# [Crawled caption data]
• • • • •
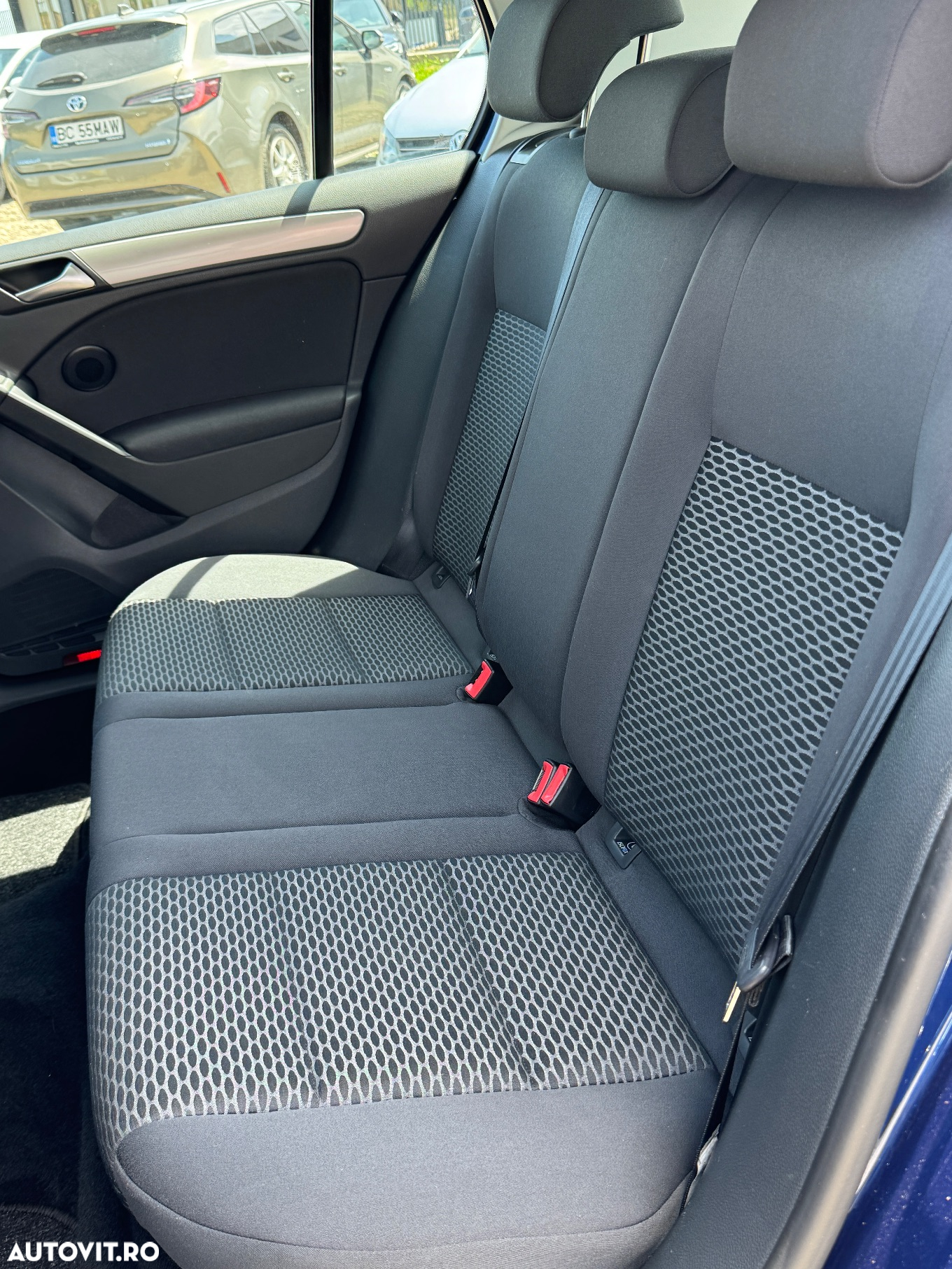 Volkswagen Golf 1.4 Comfortline - 7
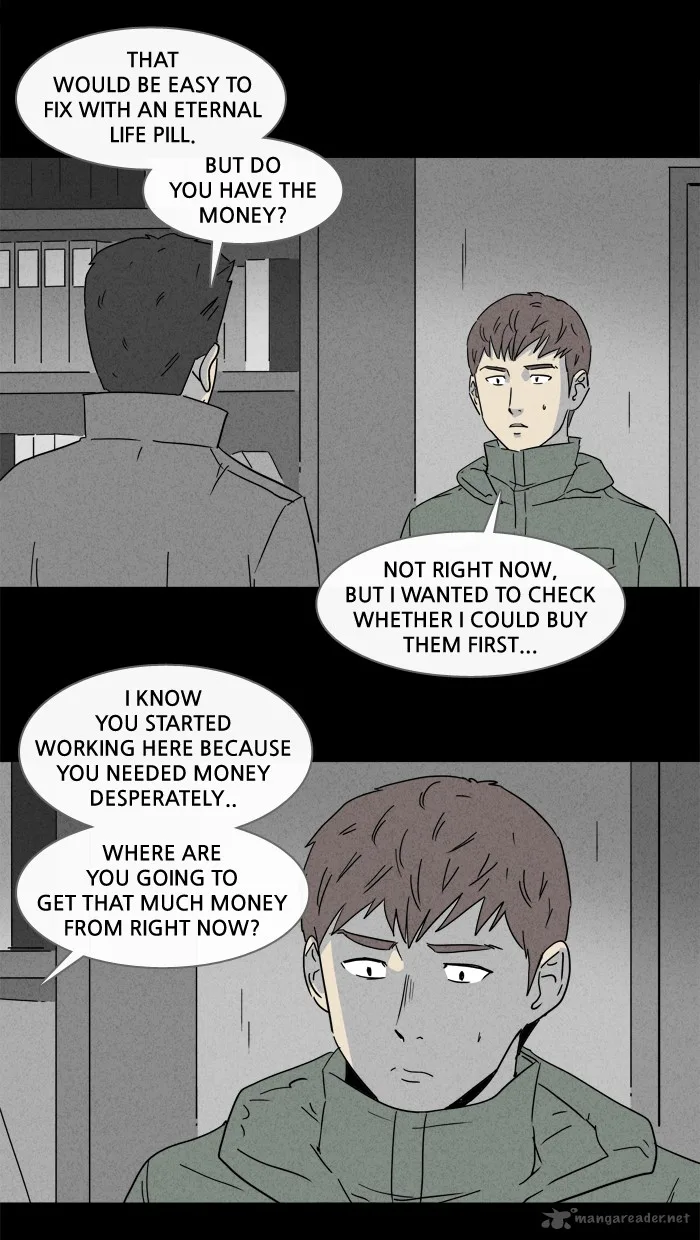 Tales of the Unusual Chapter 163 page 8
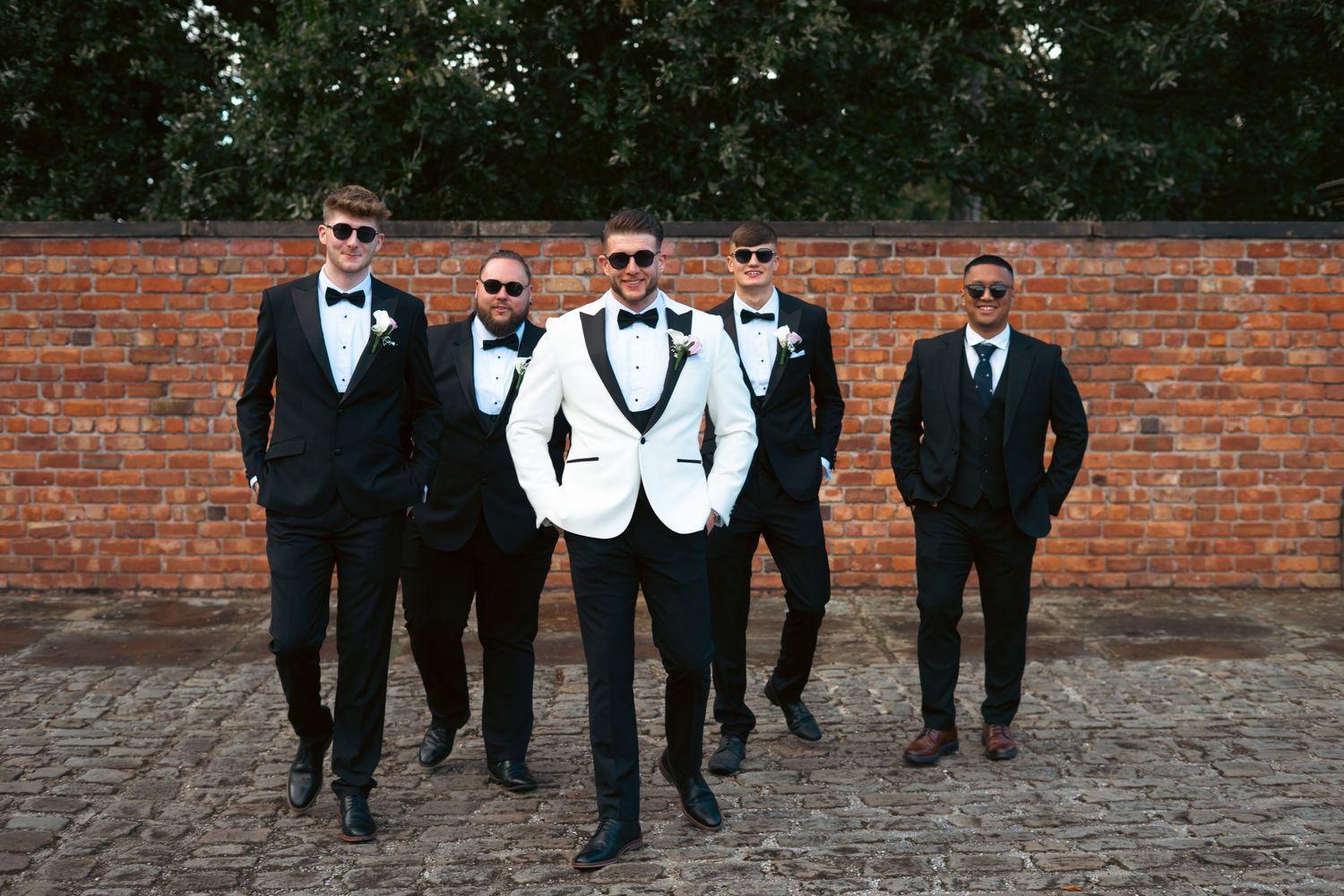 Southport wedding photographer. Meols Hall wedding photographer.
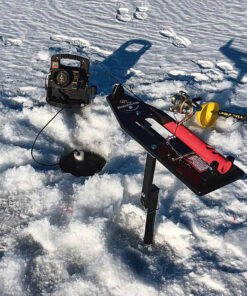 Alternative view of Fish Trap Pedestal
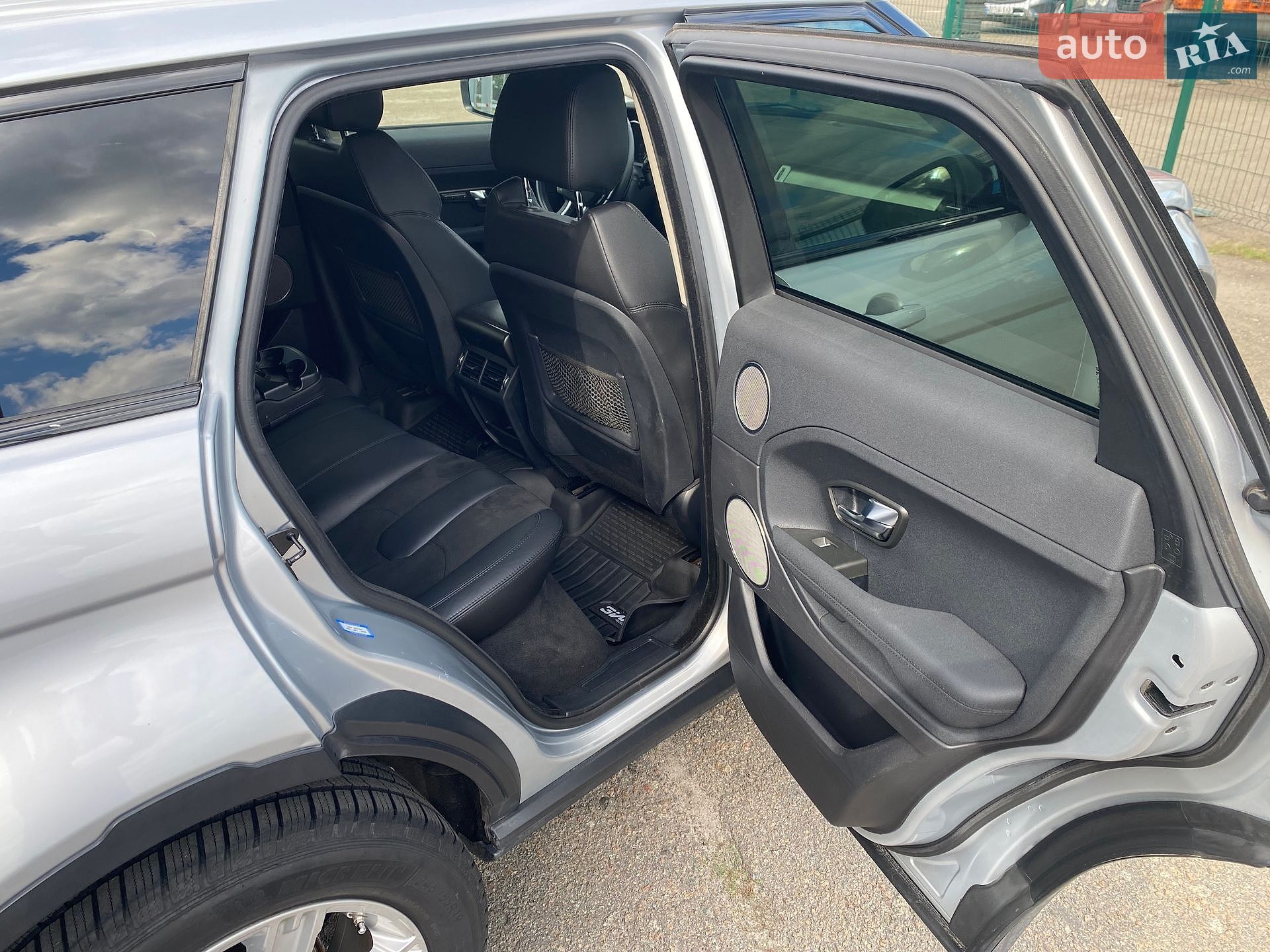 Land Rover Range Rover Evoque 2012 VIN SALVN2BG4DH733326 фото оголошення 43 з 77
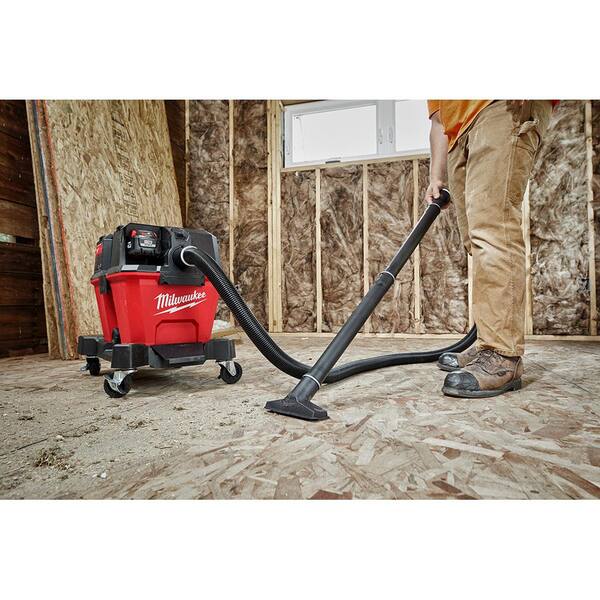 m18 fuel shop vac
• • • • •
# [TASK STATEMENT]
Apart from the pictures, return every entry above exactly as given.

# [TASK OUTPUT]
 Volkswagen Golf 1.4 Comfortline - 7
 Tales of the Unusual Chapter 163 page 8
 Southport wedding photographer. Meols Hall wedding photographer.
 Alternative view of Fish Trap Pedestal
 Land Rover Range Rover Evoque 2012 VIN SALVN2BG4DH733326 фото оголошення 43 з 77
 m18 fuel shop vac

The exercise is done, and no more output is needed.